About this exercise
Through the line with "So you can work" and starting from the first line, return the records below word for word, with pictures left out.

↓↓↓

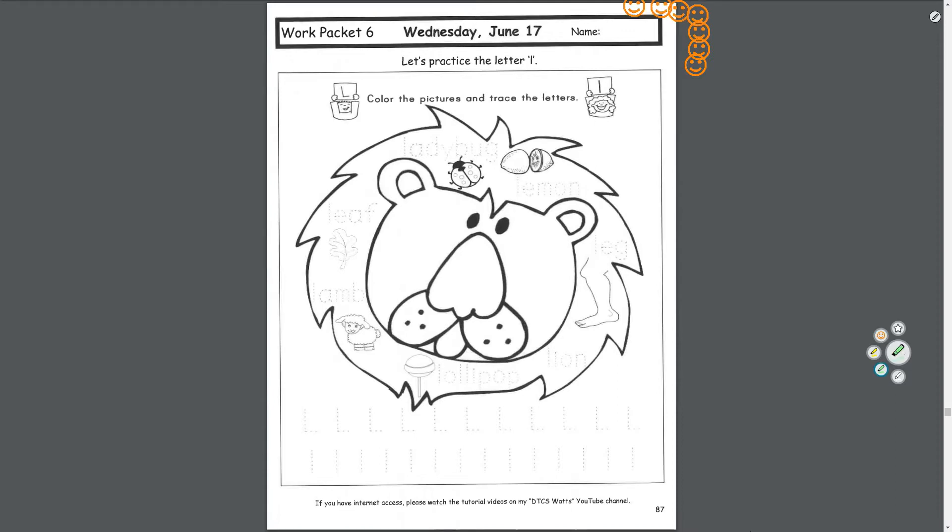Hello, this is your guide for Wednesday, June 17th in work packet six. Please write your name here so I know who did the work. At the end of the video on Epic books, we will listen to a fiction book about Sporky, a little spork who's not sure if he's a fork or a spoon. But first, let's do our work.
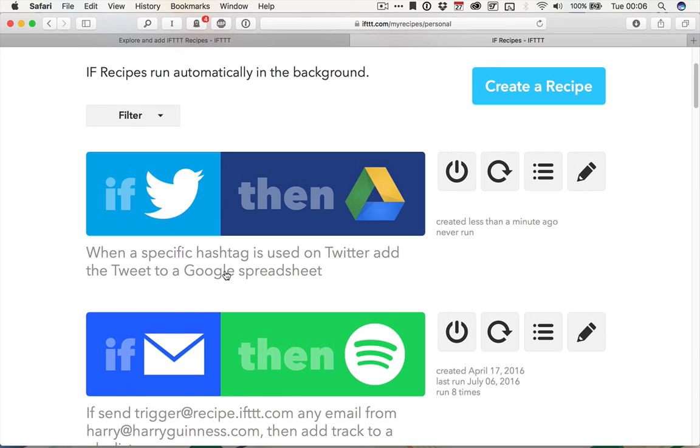So you can work through the list of great if this, then that recipes for your business and just add any you want to your account. Check out the links in the written post for more information on doing just that.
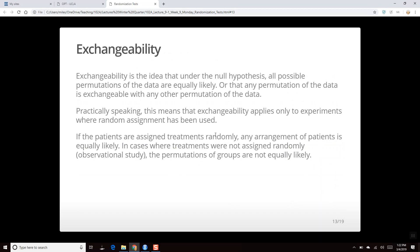If those 14 yawners were destined to yawn anyway, the order they appeared in line doesn't matter — any random arrangement of the 50 people is equally valid. Under the null hypothesis, the treatment assignment is exchangeable. By contrast, in an observational study with no random assignment, exchangeability doesn't hold — you can't exchange someone's race or gender with someone else's in the dataset. Exchangeability only applies to experiments with random assignment.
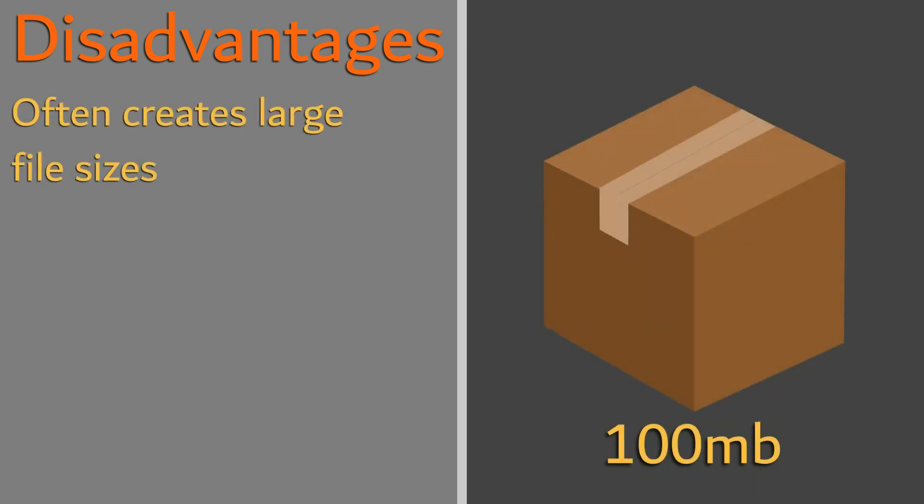The only real disadvantage of this format is the very large file sizes produced, even when compressed.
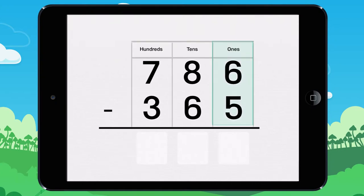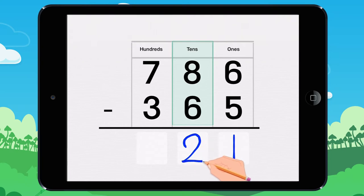6 minus 5 equals 1. Write 1 here. 8 minus 6 equals 2. Write 2 here.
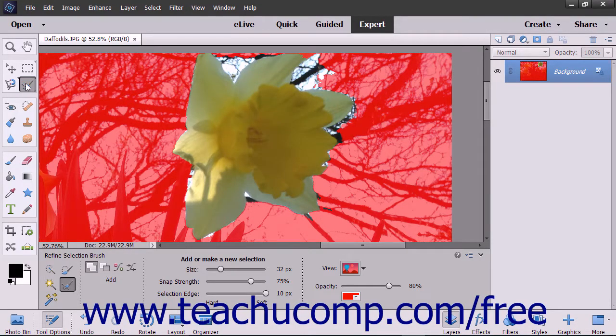The Refine Selection Brush tool is a selection tool that gives you the ability to add pixels to or remove pixels from an existing selection by automatically detecting edges within the image. You can also use this tool to manually add pixels to or remove pixels from selections. In addition, it can also be used to smooth jagged edges within existing pixel selections.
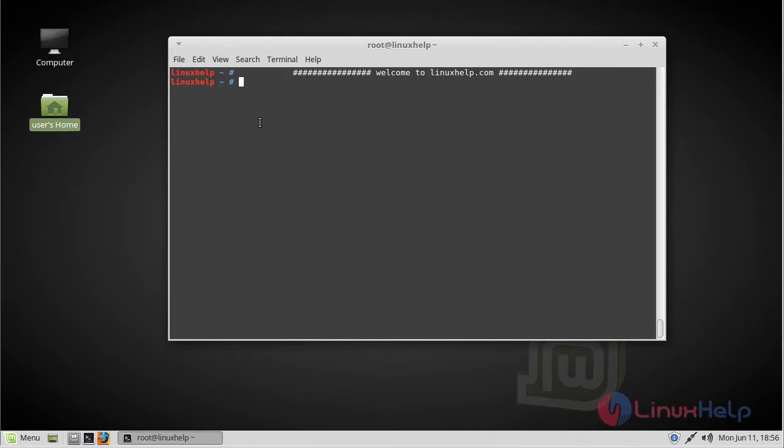Hi viewers, welcome to LinuxHelp.com. Today we are going to see how to install Rhythmbox on Linux Mint 18 Mate 3.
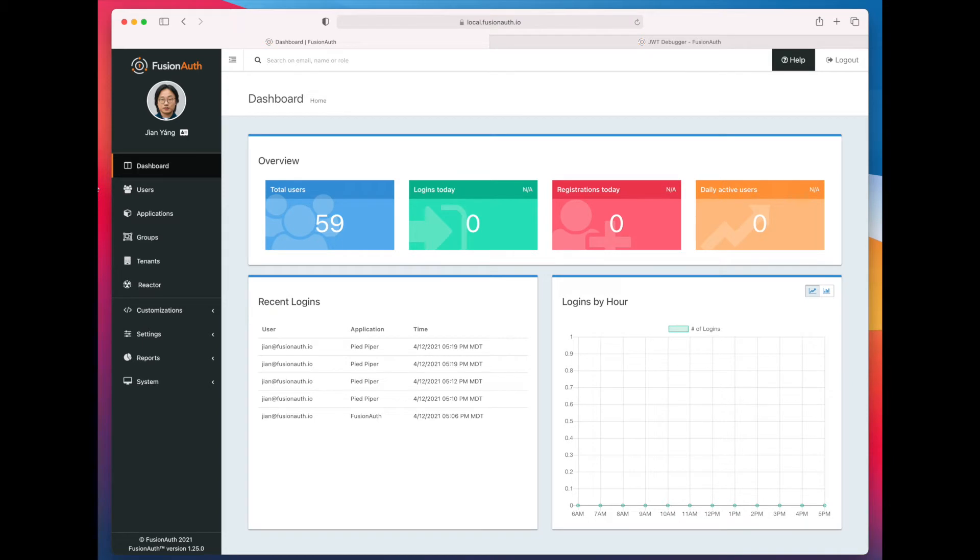Hello, I'm going to walk you through creating a JWT Population Lambda today in FusionAuth.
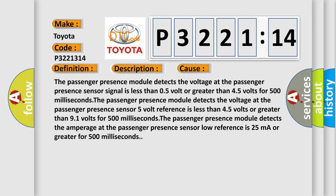The passenger presence module detects the voltage at the passenger presence sensor 5 volt reference is less than 4.5 volts or greater than 9.1 volts for 500 milliseconds.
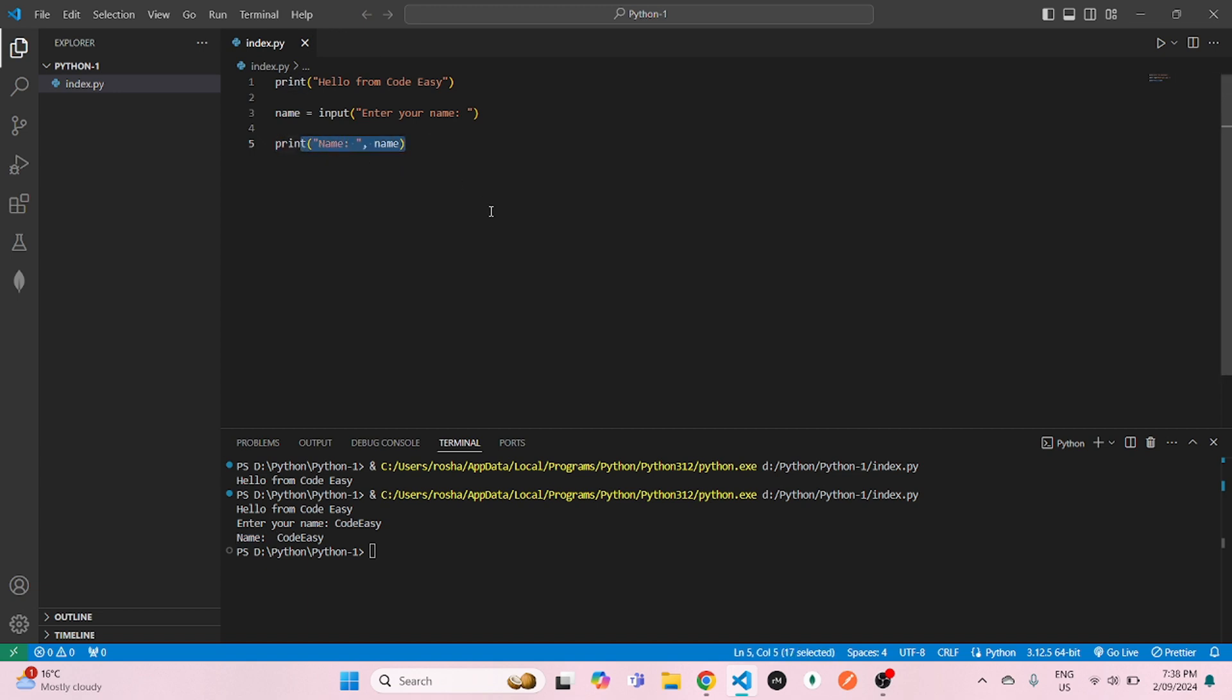So that's it, guys. That's how you download Python and run it in Visual Studio Code. I hope this video was helpful and I will see you in the next one.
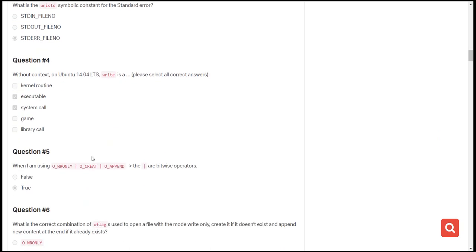The next question is: without context on Ubuntu 14.04, write() is a system call — what is it? If you've gone through the content, you'll know there are four main basic system calls: read, open, close, and write. Write is both a system call and it is non-executable, because once it is used it carries out a specific task. It is not a game, not a library call, and not a kernel routine.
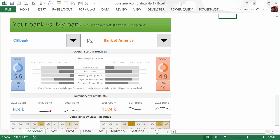Hi and welcome to Chandoo.org. In this video we're going to take a look at a customer satisfaction scorecard generated from half a million customer complaints. This is part of a three-part case study where I downloaded half a million customer complaint data from the US government's open data website.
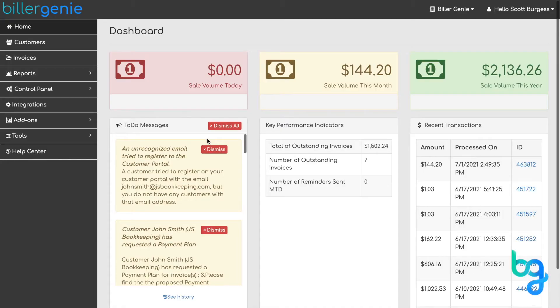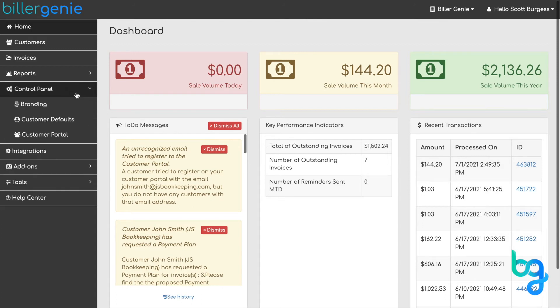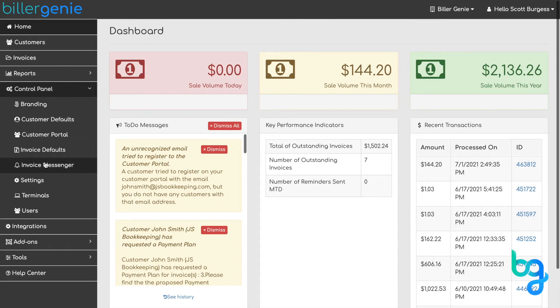To configure General Settings, from the main menu, click Control Panel and select Settings.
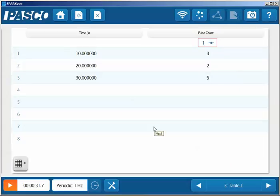Or we can have it display the table so that it will show the number of counts per interval that is recorded.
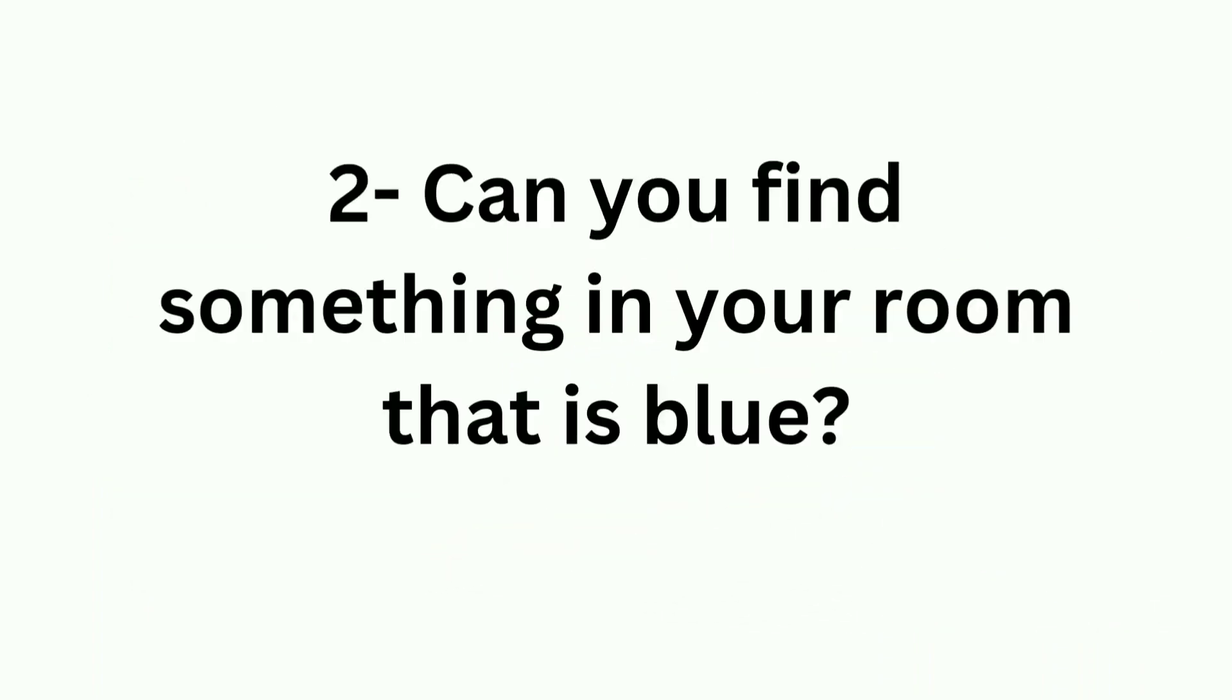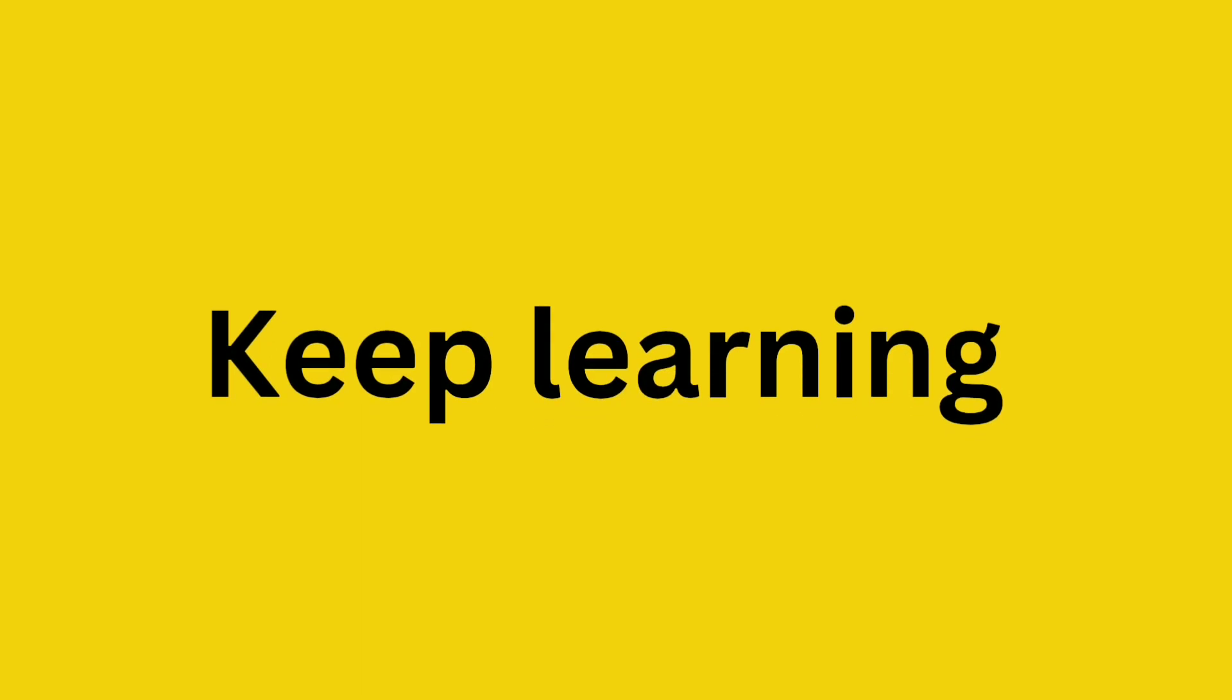Can you find something in your room that is blue? Find and tell your teachers or your parents. And enjoy. Keep learning.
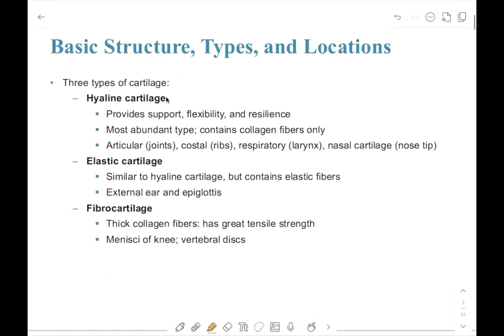The first basic type of cartilage is hyaline cartilage, which is the most common type. It provides support, flexibility, and resistance. Subtypes include articular cartilage in the joints, costal cartilage in the ribs, respiratory cartilage in the larynx, and nasal cartilage at the tip of your nose.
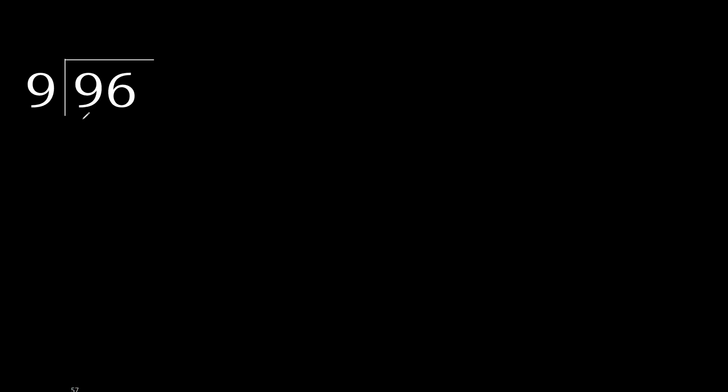96 divided by 9. 9 is not less, therefore with 9, 9 multiplied by which number is nearest to 9 but not greater?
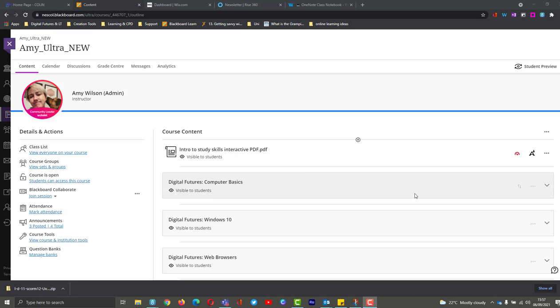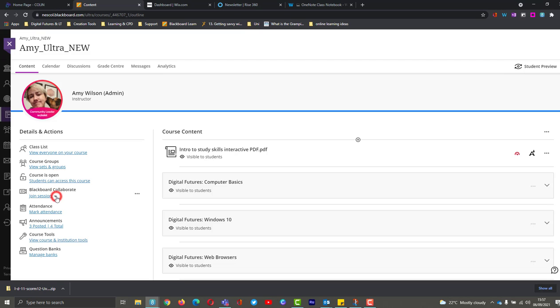So what the course room is, is essentially a 24-7 room that's available in Collaborate. If I just click on this join session area here, I'll have three here. I've got my course room and then I've got my two teaching sessions here.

↑↑↑

Written response
Hello, this is your guide for Wednesday, June 17th in work packet six. Please write your name here so I know who did the work. At the end of the video on Epic books, we will listen to a fiction book about Sporky, a little spork who's not sure if he's a fork or a spoon. But first, let's do our work.
So you can work through the list of great if this, then that recipes for your business and just add any you want to your account. Check out the links in the written post for more information on doing just that.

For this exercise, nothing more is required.